### Import necessary library

In [1]:
import time
import json
import base64
import requests

import boto3
import sagemaker



sagemaker.config INFO - Not applying SDK defaults from location: C:\ProgramData\sagemaker\sagemaker\config.yaml
sagemaker.config INFO - Not applying SDK defaults from location: C:\Users\tochi\AppData\Local\sagemaker\sagemaker\config.yaml


### Sagemaker setup

In [2]:
sm_client = boto3.client(service_name="sagemaker")
runtime = boto3.client(service_name="sagemaker-runtime")
account = boto3.client("sts").get_caller_identity().get("Account")

sess = sagemaker.Session()
boto_session = boto3.session.Session()
region = boto_session.region_name

role = f"arn:aws:iam::{account}:role/service-role/AmazonSageMakerServiceCatalogProductsUseRole"

### Download CLIP-ViT-B-32 model

In [4]:
from huggingface_hub import snapshot_download

snapshot_download(repo_id="sentence-transformers/clip-ViT-B-32", local_dir="./CLIP-ViT-B-32")

### Package and Upload CLIP-ViT-B-32 model to s3 bucket

In [40]:
%cd  CLIP-ViT-B-32
!tar zcvf model.tar.gz *

In [41]:
bucket = "aws-portfolio-projects"
model_artifact = sagemaker.Session().upload_data("model.tar.gz", bucket=bucket, key_prefix="CLIP-ViT-B-32")
print("S3 Model Path:", model_artifact)

### Create the Model

In [5]:
# Model artifact in S3 
model_data = "s3://aws-portfolio-projects/CLIP-ViT-B-32/model.tar.gz"

# Generate unique name for the model 
current_time = time.strftime("%Y-%m-%d-%H-%M-%S", time.localtime())
model_name = "normalized-b32-model-" + current_time

# Hugging Face DLC container URI (for HF + PyTorch)
container_image_uri = "763104351884.dkr.ecr.us-east-2.amazonaws.com/huggingface-pytorch-inference:1.13.1-transformers4.26.0-cpu-py39-ubuntu20.04"

# Create the model
create_model_response = sm_client.create_model(
    ModelName=model_name,
    ExecutionRoleArn=role,
    PrimaryContainer={
        "Image": container_image_uri,
        "Mode": "SingleModel",
        "ModelDataUrl": model_data,
        "Environment": {
            "HF_TASK": "feature-extraction"
        }
    }
)

print("Created Model:", create_model_response["ModelArn"])

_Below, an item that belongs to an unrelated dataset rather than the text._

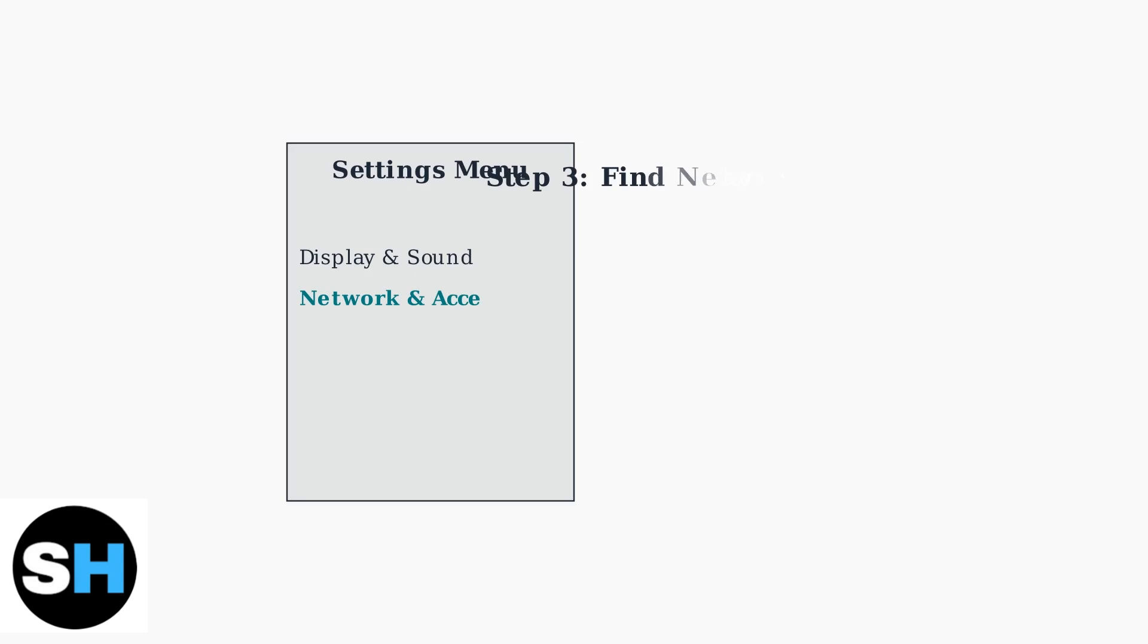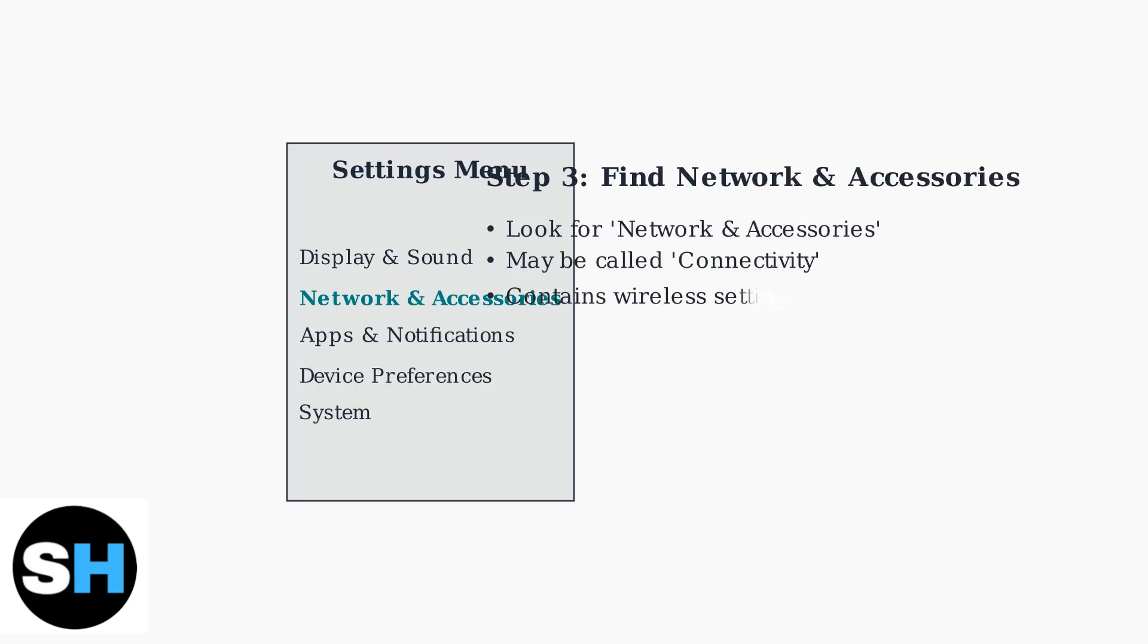In the Settings menu, look for an option called Network and Accessories, or a similar category related to connectivity. This section contains all the wireless connection settings, including Bluetooth.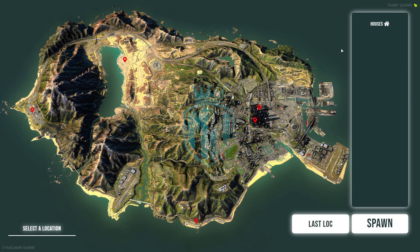As you can see, we just joined the server. After installing this script you will get to see this type of UI interface for the latest QB spawn script from the QBCore store. You can use this script in your server easily.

Created Model: arn:aws:sagemaker:us-east-2:930627915954:model/normalized-b32-model-2025-08-27-10-38-25


### Create an Endpoint Configuration with Serverless Inference

In [6]:
# Generate unique name for the endpoint config name
current_time = time.strftime("%Y-%m-%d-%H-%M-%S", time.localtime())
endpoint_config_name = "normalized-b32-model-endpoint-config-" + current_time

create_endpoint_config_response = sm_client.create_endpoint_config(
    EndpointConfigName=endpoint_config_name,
    ProductionVariants=[
        {
            "VariantName": "AllTrafficVariant",
            "ModelName": model_name,
            "ServerlessConfig": {
                "MemorySizeInMB": 5120,        
                "MaxConcurrency": 5,
                "ProvisionedConcurrency": 1
            }
        }
    ]
)

print("Created Endpoint Config:", create_endpoint_config_response["EndpointConfigArn"])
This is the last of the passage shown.